Kubernetes clusters and their Achilles heels: etcd, its fault tolerance and working it in two location data centers

Written by - 0 comments

Published on - Listed in Rancher Kubernetes Containers


Kubernetes has one major component, which must run to guarantee a working cluster: The control plane. etcd is part of the control plane component and as etcd is very picky about fault tolerance, it may even be considered the most important one. Not in terms of importance per se, but in terms of "you really don't want this component to fail!".

What is etcd and how fault tolerable is it?

etcd is, simply explained, the database behind the Kubernetes cluster. Or as the official documentation describes:

Consistent and highly-available key value store used as Kubernetes' backing store for all cluster data.

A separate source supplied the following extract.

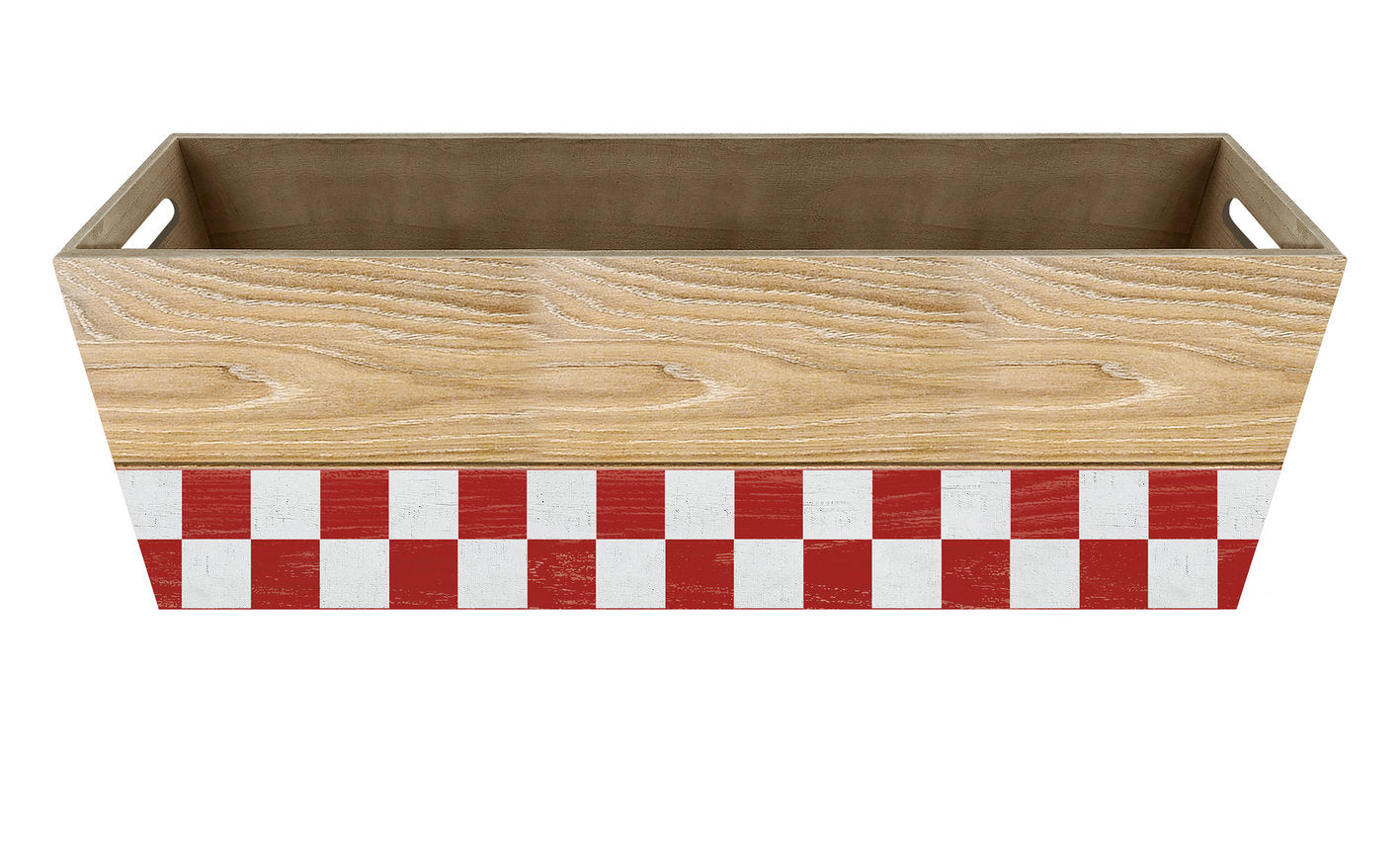 Rect. Wooden Basket Holiday Basket Container Giftware Nature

etcd is mostly used in a clustered setup, consisting of multiple etcd members. In order to have a fault tolerance calculation, etcd works in uneven numbers (see Why an odd number of cluster members in the etcd FAQ).

A single etcd server is the minimum - but in case of a problem on this etcd server, the whole Kubernetes cluster will be down (no high availability). The next bigger setup would be a cluster consisting of three members. This cluster is now fully HA - if the members are running on separate nodes and better even in separate locations.

In a 3 member etcd cluster, 2 members must still be working or the whole etcd cluster is defective - and with it your Kubernetes cluster, too. This fact should ring some alarms: What if you run your cluster across two datacenters? Well the question is whether you're lucky or not.

In the above scenario, location B failed and one member of the etcd cluster is lost. The cluster however will continue to run happily with the remaining two members.

But if you've been long enough in this profession of magic (IT), you forcibly know Murphy's law and location A will most likely be hit. What happens in this case?

Basically said: You're offline now. Location A hosted two members of the three member etcd cluster. The majority of the etcd cluster is down and therefore the whole Kubernetes cluster.

Ha! I'm simply using more etcd members!

Increasing the number of nodes hosting an etcd member would sound like a plausible solution.

Note: Although there's no hard limit on a etcd cluster size, it is advised not to go above a 5 member cluster for performance reasons.

Let's assume a 5 member etcd cluster was built. In any case of failure (location A or location B), at least two members will remain working and this should keep the cluster alive... right? No!

In case of a location B failure, the cluster remains alive. This is due to same fact as in the three member cluster: The majority of the cluster is alive.

But if location A fails, the cluster faces the same problem again: The majority of the nodes is down - therefore the whole cluster is down and it tears Kubernetes with it. 

The reason for this can be found in the fault tolerance calculation of the cluster: A quorum is always needed. The following table (taken from the etcd FAQ) shows very nicely, how an increased cluster size has an effect on fault tolerance (= how many members can be down allowing the etcd to still work correctly):

 Cluster Size
 Majority  Fault Tolerance
 1  1  0
 2  2  0
 3  2  1
 4  3  1
 5
 3
 2
 6
 4
 2
 7
 4
 3
 8
 5
 3
 9
 5
 4

The list could go on an on - but you probably get the idea: There will always be a risk that location A (the location with the higher number of etcd cluster members) will fail and in this case etcd as a whole will fail.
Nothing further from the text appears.